Boiling and evaporation occur when water (liquid state) gains heat from the surroundings and changes to water vapour (gaseous state). Boiling happens only at a fixed temperature when the substance is pure while evaporation happens at any temperature if the liquid state of a substance is present. For pure water, it boils at 100 oC whereas water can evaporate between 0 oC and 100 oC. Melting occurs when ice (solid state) gains heat from the surroundings and changes to water (liquid state). Melting of pure ice takes place at 0 oC.
Second – Condensation and Freezing
Condensation and freezing are processes which require heat lost, meaning that heat must be removed from the state of water to allow these processes to occur.
Condensation occurs when water vapour (gaseous state) loses heat to cooler surroundings and changes to water (liquid state). Condensation happens only when there is a temperature difference between water vapour (of a higher temperature) and a surface (of a lower temperature). The greater the temperature difference, the greater the rate of condensation, the more water droplets form on the cooler surface. On the other hand, freezing occurs when water (liquid state) loses heat to the cooler surroundings and changes to ice (solid state).
Let’s go back to the questions:
a) Why does a glass of cold drink seem to “sweat”?
The phenomenon of “sweating” is in fact the condensation of the water vapour in the surrounding air on the outer surface of the glass as the water vapour loses heat to the cooler outer surface of it.
Students may find it hard to visualise the process of condensation as water vapour (a gas) in the atmosphere is invisible! What parents can do to show that the air around us has water vapour is to breathe out/blow out air onto a mirror (cooled mirror works better). Students can immediately see the effect of condensation through the appearance of tiny water droplets on the mirror. Otherwise, we can explain that Singapore is a country with a humid environment, in which humid means that the amount of water vapour in the air in Singapore is very high (60-90%).
When students can recognise where the water vapour is present, the next step would be to identify the cooler surface. The cooler surface is relative to the temperature of the water vapour present. Even if the water vapour is at room temperature (~25 oC), the glass with a cold drink (~10 oC) in it has a surface that is relatively cooler than the water vapour, hence a temperature difference is present for condensation to occur.
Similarly, if a glass is at room temperature (~25 oC) and it in contact with hot steam (~90 oC) from the boiling water that it contains, the glass is still cooler than the hot steam, hence the glass is identified as the cooler surface (though
it may not feel cold to us). Therefore, in this situation, a glass of hot water can have condensation too, but the water droplets would be found on the inner surface of the glass instead of the outer surface (see Figure 1).
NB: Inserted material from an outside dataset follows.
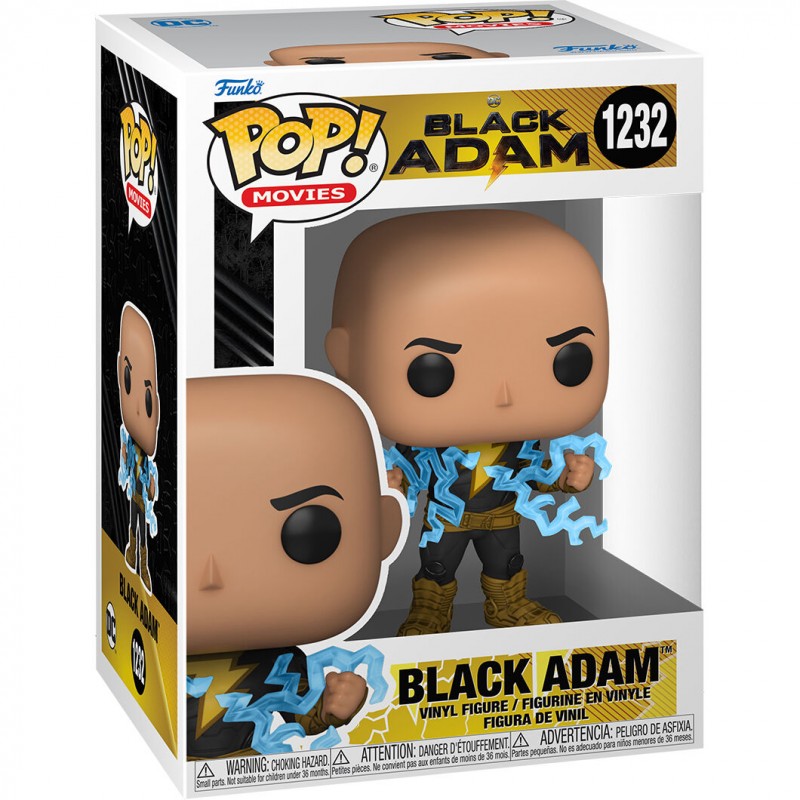 Figura POP DC Comics Black Adam - Black Adam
As the water droplets are formed from the condensation of water vapour, the water droplets will be formed at the where the water vapour is, on the cooler surface (see Figure 1 for better illustration).
b) Why does a glass of colder “sweat” even more?
There is more “sweating” due to the greater rate of condensation of the water vapour in the surrounding air on the even cooler outer surface of the glass as the water vapour loses more heat to the cooler outer surface of it.
As we have mentioned above, a greater temperature difference between the water vapour and the cooler surface, the greater the rate of condensation, hence more water droplets will form on the even cooler surface.